Here is a stab at comparing sensors with different pixel sizes, keeping everything else the same.
Suppose some manufacturer decides to make two cameras, using the same lens and sensor area, but different pixel sizes. Camera A has large pixels, while camera B has small pixels. Let's say the small pixels of camera B are made by subdividing each large pixel of camera A into four sub-pixels.
Clearly both cameras need the same lens and aperture and shutter speed to capture equivalent images. What then are the differences between the resulting images?
The camera with smaller pixels will have an advantage in system resolution. The magnitude of this effect depends on whether the system resolution is dominated by the lens or by the sensor. If the lens can resolve 100 lp/mm and the sensor has 10 micron pixels, both resolutions are comparable, and pixel size has a significant effect on resolution. If the lens is not this spectacular (or is stopped down below f/8), or if the sensor pixels are smaller, then smaller pixels provide less improvement in system resolution.
The camera with larger pixels will have an advantage in system noise. Siince not everyone seems to agree with this, let's go through the argument slowly.

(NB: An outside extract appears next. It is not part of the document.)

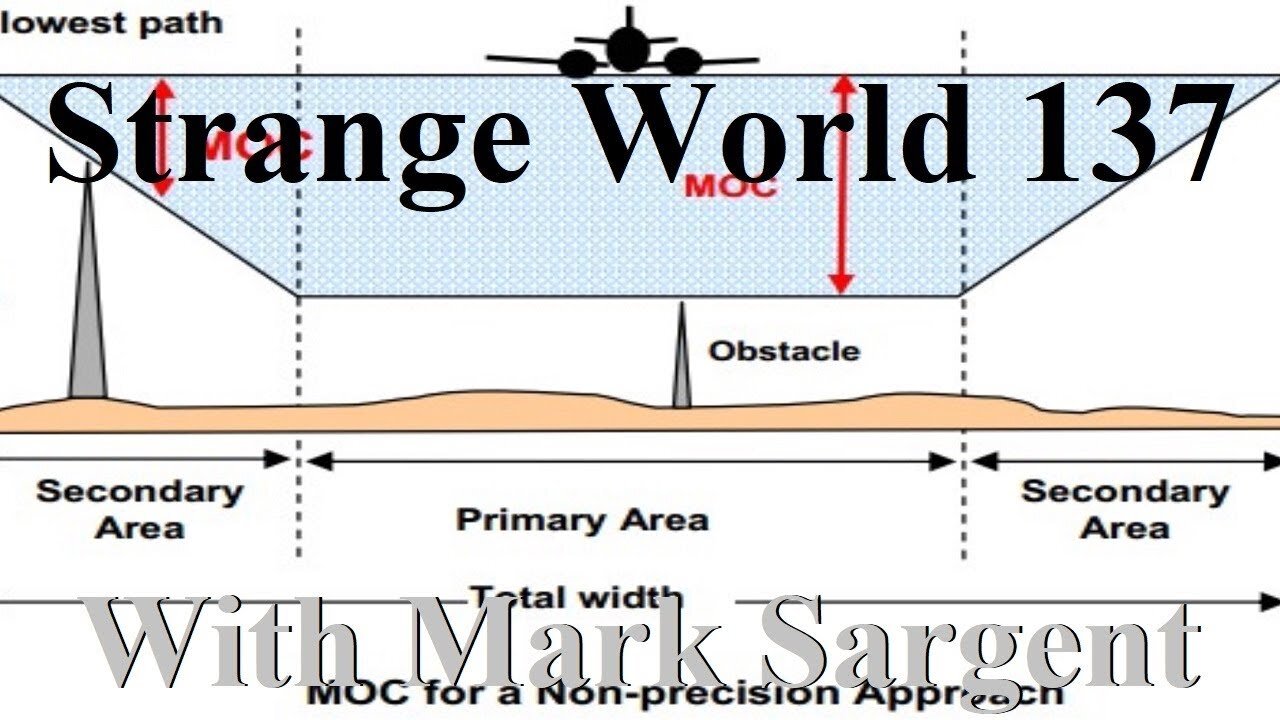 Flat Earth talks to US Army air traffic controller - SW137 - Mark Sargent ✅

Let's agree to expose the image correctly in each camera, to just barely saturate the brightest pixels. The large pixels capture 4 times as many photons as the small pixels, but the sensor charge capacity (full well depth) is correspondingly 4 times as great, so this requires the same exposure (aperture and shutter speed) in both cases. Let's say this exposure produces digitized values of 256 in the saturated small pixels and 1024 in the saturated large pixels, at the same electronics gain. (Of course camera A may subsequently multiply all values by 1/4 to provide a common intensity scale, but this does not affect signal/noise considerations.)
Now what about noise? Sensor noise is generally dominated by the readout electronics. Let's say the readout noise is a fixed number of electrons, corresponding to a digitized value of 1 count. Since every pixel is subject separately to this readout noise, it will be the same for the small pixels and the large pixels, at the same electronics gain. But remember the large pixels produce 4 times more signal per pixel, so the signal/noise ratio will be 4x better for the large pixels than for the small pixels.
The situation is not quite as bad as this, because the small pixels are bunched together closer in the final displayed image, so some averaging occurs. This averaging may occur digitally, if the image is displayed small, as pixels are down-sampled to match the printer or screen resolution. If the four small pixels are averaged back into one large pixel, the noise will improve by a factor of 2 by simple statistics. This still leaves a factor of 2 worse noise than if the averaging was done in the sensor before digitization.
Photon statistics (shot noise) is another noise source. This will be the dominant noise for bright pixels, where signal/noise is already good, but it will not be the dominant noise for dark pixels, where signal/noise is poor and hence important. If sensor readout noise was somehow made negligible and photon statistics became the dominant noise source, then we would have a different situation. The small pixels would have 1/4 the signal and hence 1/2 the noise of the large pixels, and by the averaging argument given above this factor of 2 would cancel out. In this situation, the small pixels would be equivalent to the large pixels in signal/noise.